Repeat exactly the lines below from the line that contains "Denver Hayes Leather" to the last line, inclusive, without the pictures.

-- Source material --
········

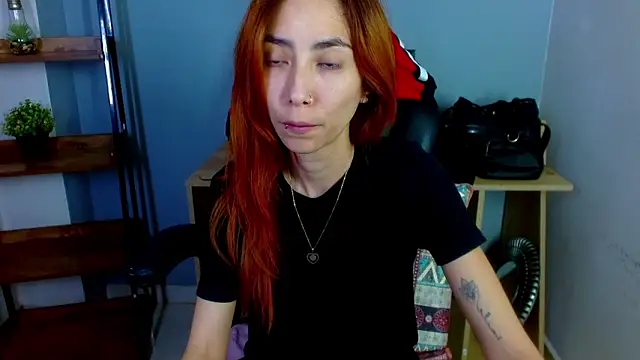Erika Stevens online show from December 7, 4:42 am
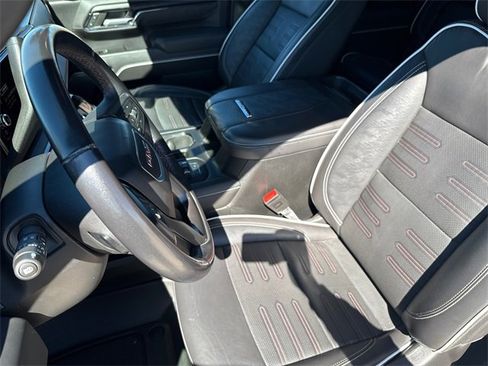 Used 2024 GMC Sierra 2500 AT4X image 20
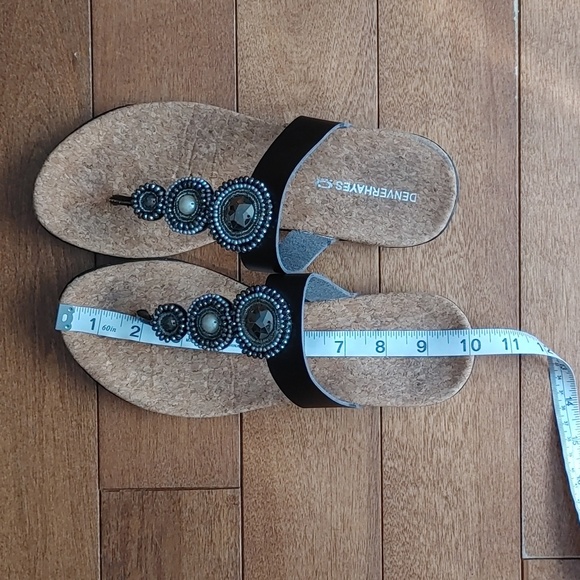 Denver Hayes Leather Bling T Strap Embellished Sandals - Picture 6 of 6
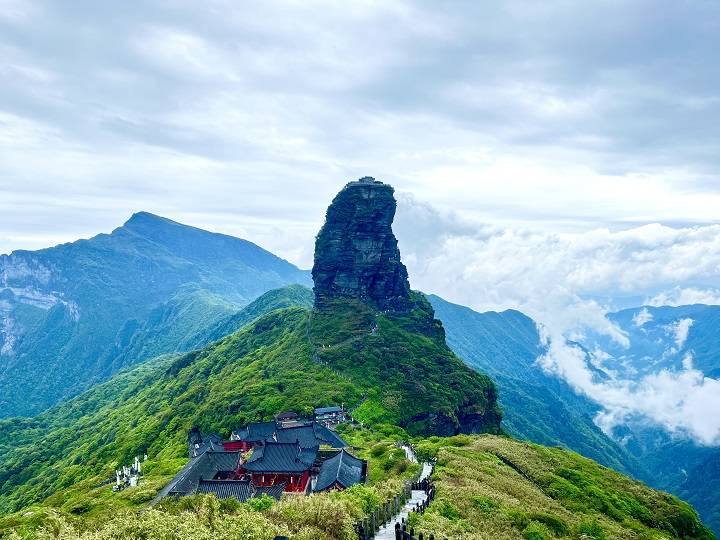 梵净山:部分景点介绍:夏日到来,铜仁各地游玩活动形式多样,丰富多彩.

········

-- Solution to this problem --
 Denver Hayes Leather Bling T Strap Embellished Sandals - Picture 6 of 6
 梵净山:部分景点介绍:夏日到来,铜仁各地游玩活动形式多样,丰富多彩.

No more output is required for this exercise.